Şennur Demir

Personal information
- Nationality: Turkish
- Born: 10 August 1982 (age 43) Bartın, Turkey
- Education: Bartın University
- Weight: Heavyweight 81kg

Boxing career

Boxing record
- Total fights: 24
- Wins: 15
- Win by KO: 1
- Losses: 9
- Draws: 0
- No contests: 0

Medal record
Women's amateur boxing
Representing Turkey
World Championships
| Gold medal – first place | 2022 Istanbul | Heavyweight |
| Silver medal – second place | 2018 New Delhi | Heavyweight |
| Bronze medal – third place | 2016 Astana | Heavyweight |
European Championships
| Bronze medal – third place | 2022 Budva | Heavyweight |
| Bronze medal – third place | 2018 Sofia | Heavyweight |
| Bronze medal – third place | 2016 Sofia | Heavyweight |
European Union Championships
| Gold medal – first place | 2017 Cascia | Heavyweight |
| Silver medal – second place | 2011 Katowice | Heavyweight |

= Şennur Demir =

Turkish coach and retired boxer (born 1982)

Şennur Demir (born 10 August 1982) is aTurkish boxing coach and retired world champion female boxer competed in the heavyweight (+81 kg) division. She is from Bartın.

== Early years in martial arts ==
Demir started her sport career performing kickboxing at the age of 25. She became Turkish kickboxing champion, then runner-up in the Full contact karate World championships.

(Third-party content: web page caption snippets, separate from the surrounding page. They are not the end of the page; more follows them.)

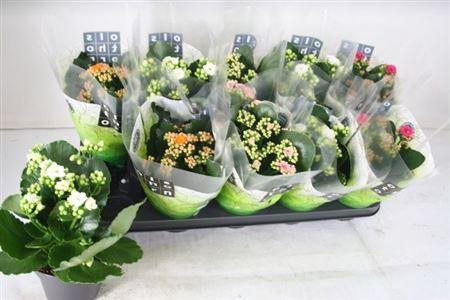 <h4>Kal Ge Gem 4 Kl</h4>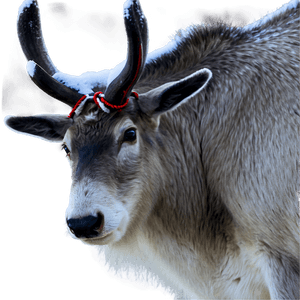 Lappish Reindeer Finland PNG 66 PNG image with transparent background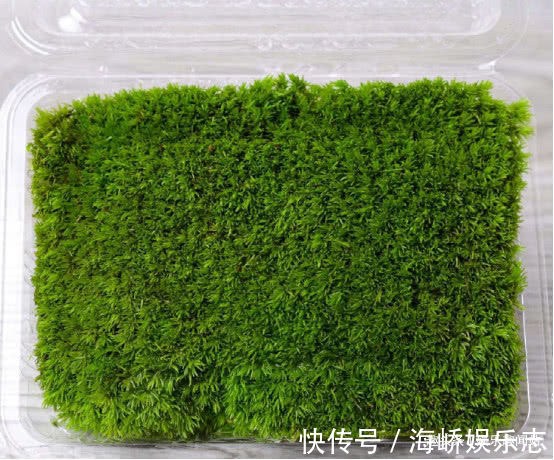 青苔|到墙脚挖点青苔做盆栽,没想到养出了微景观,太漂亮了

A second place in an international boxing tournament and champion titles in the Turkish Boxing Championships followed.

== Boxing career ==
Her boxing career became solid when she transferred to Fenerbahçe Boxing in Istanbul.

As well as a kickboxer, she turned pro in 2011 after she won the golden belt national title in K-1.

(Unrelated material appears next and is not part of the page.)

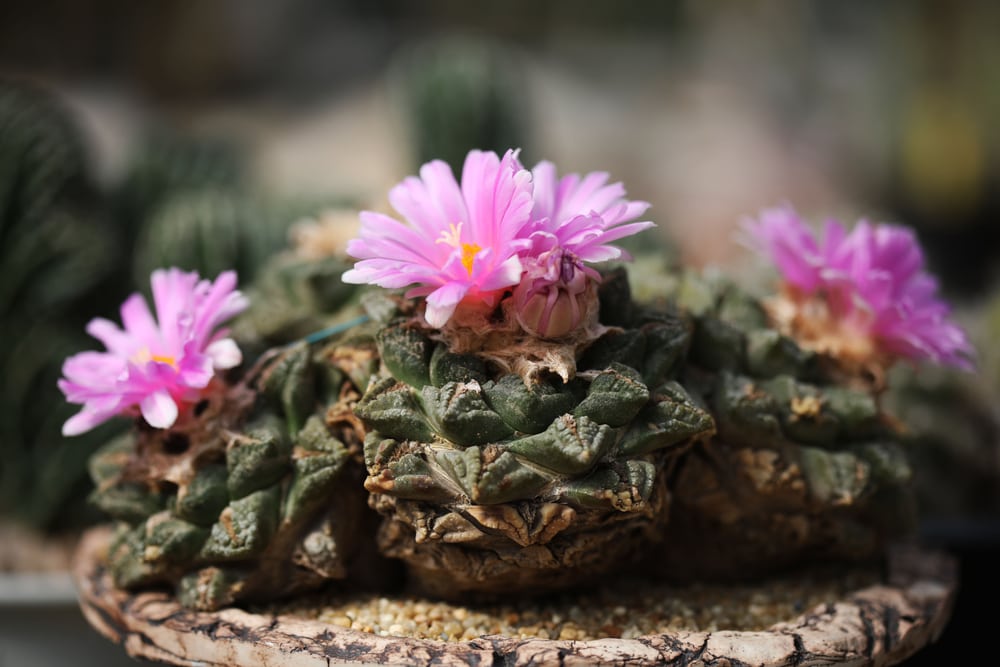 Living Rock Cactus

She won the silver medal at the 2011 Women's European Union Championships held in Katowice, Poland, and the gold medal at the 2017 Women's European Union Championships in Cascia, Italy.

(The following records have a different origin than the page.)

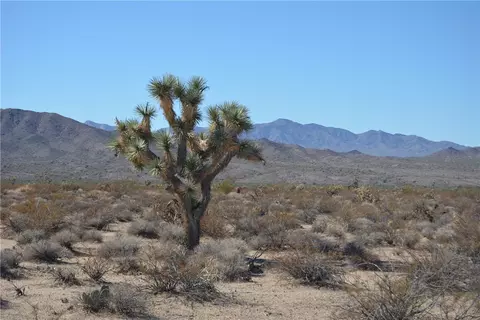 207-35 S 005 S Arlington Rd, Yucca, AZ 86438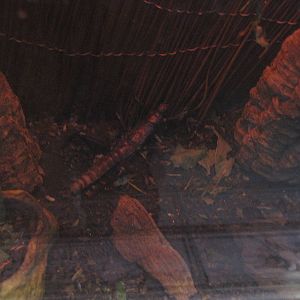 borneo thorny stick insect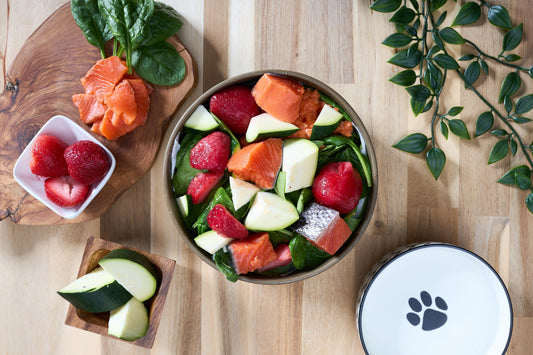 Starting Your Puppy on Joey’s Raw: A Guide to Optimal Nutrition from Day One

She became bronze medalist at the European Amateur Boxing Championships in 2016, and 2018 in Sofia, Bulgaria, and 2022 in Budva, Montebegro.

She took the bronze medal at the 2016 AIBA Women's World Championships in Astana, Kazakhstan, and the silver medal at the 2018 AIBA Women's World Championships in New Delhi, India.

At the 2022 IBA Women's World Championships in Istanbul, Turkey, Demir defeated Khadija El-Mardi from Morocco in the heavyweigt (+81 kg) division final, and became world champion.

== Coaching career ==
After her retirement from active boxing, Demir started performing sport coaching. In 2023, she was appointed coach of the women's national team. At the 2023 European Games in Nowy Targ, Poland, she participated as the coach.

== Personal life ==
Şennur Demir was born in a village of Amasra district in Bartın Province. After completing her primary and middle school in her hometown, she studied at Trade Vocational High School in Bartın. She then moved to Istanbul to work in sock manufacturing workshops. Returning home, she started working as a private security guard at a student dormitory in 2005. At age 28, Demir began studying Physical Education at Bartın University. After four years of undergraduate education, she earned a master's degree. She works as a teacher of physical education at Ülkü Ahmet Durusoy Middle School in Ankara.